When reviewing applications to public health school from the hundreds of indistinguishable Indian applicants trying to get into to American schools (usually with the intention of getting a foot in the door so they can become American physicians), their nearly identical application essays included the phrase “prevention is better than cure” in the opening paragraph. That sounds fine to a public health person, notwithstanding the pathetic repetition, until you notice that it is not always true. Preventing a particular case of a serious disease is almost always better than letting it happen, but that is not how things work. We cannot go back and prevent a particular event. We can only take prevention measures. Some of those are justified and efficient: clean water is definitely better than treating cholera, and the right vaccines and industrial regulations are appropriate and worthwhile.
But in keeping with my observations from yesterday, others represent cases of mistaking a prevention measure for an act of prevention. Just because it would almost certainly be a good thing to prevent a fatal smoking-caused cancer or accident does not mean that everything that might theoretically protect someone is a good policy measure. Preventive measures have broad negative effects and may not save anyone.
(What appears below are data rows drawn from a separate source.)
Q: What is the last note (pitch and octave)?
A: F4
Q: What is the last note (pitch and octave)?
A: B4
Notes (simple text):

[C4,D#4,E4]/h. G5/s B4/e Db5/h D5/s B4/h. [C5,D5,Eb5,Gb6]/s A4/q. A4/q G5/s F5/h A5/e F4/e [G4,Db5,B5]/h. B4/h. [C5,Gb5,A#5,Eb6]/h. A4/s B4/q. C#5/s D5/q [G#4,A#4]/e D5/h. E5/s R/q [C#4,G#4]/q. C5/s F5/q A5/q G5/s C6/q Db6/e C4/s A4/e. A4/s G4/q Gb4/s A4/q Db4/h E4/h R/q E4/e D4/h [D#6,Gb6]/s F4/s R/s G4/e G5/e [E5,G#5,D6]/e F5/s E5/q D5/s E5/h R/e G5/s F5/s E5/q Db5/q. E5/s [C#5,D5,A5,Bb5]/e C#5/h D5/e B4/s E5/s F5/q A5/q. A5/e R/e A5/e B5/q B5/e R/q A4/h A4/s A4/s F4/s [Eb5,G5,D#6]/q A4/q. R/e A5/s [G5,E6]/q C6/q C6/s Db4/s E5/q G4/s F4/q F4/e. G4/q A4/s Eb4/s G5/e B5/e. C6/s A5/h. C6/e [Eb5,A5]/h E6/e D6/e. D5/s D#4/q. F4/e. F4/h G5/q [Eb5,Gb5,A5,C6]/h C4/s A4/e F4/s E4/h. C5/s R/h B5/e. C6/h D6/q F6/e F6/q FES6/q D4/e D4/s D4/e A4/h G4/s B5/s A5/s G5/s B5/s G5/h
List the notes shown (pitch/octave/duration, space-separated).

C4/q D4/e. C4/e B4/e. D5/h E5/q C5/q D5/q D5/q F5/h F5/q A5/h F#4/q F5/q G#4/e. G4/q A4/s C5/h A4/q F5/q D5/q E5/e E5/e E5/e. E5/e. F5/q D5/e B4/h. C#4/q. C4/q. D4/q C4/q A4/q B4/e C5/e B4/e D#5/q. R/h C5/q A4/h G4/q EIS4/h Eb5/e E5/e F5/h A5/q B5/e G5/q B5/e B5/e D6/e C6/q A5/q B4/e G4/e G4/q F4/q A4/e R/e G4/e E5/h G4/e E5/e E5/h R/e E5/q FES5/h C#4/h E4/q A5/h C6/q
I doubt that any honest intelligent person really thinks that emotionally violent pictures on cigarette packs are really going to cause many people to not smoke. But there is strong support for it because people mistake a preventive measure that seems like it might do something for a way of preventing a particular outcome. But it does not work that way. Whoever it was in someone’s life who was suffered or died because of a risky behavior is not going to be retroactively helped. Preventing that would have been good, and curing it also, but that is not necessarily true for a prevention measure aimed vaguely in a direction that might have prevented that case. And implementing public policy rules is not a healthy form of therapy.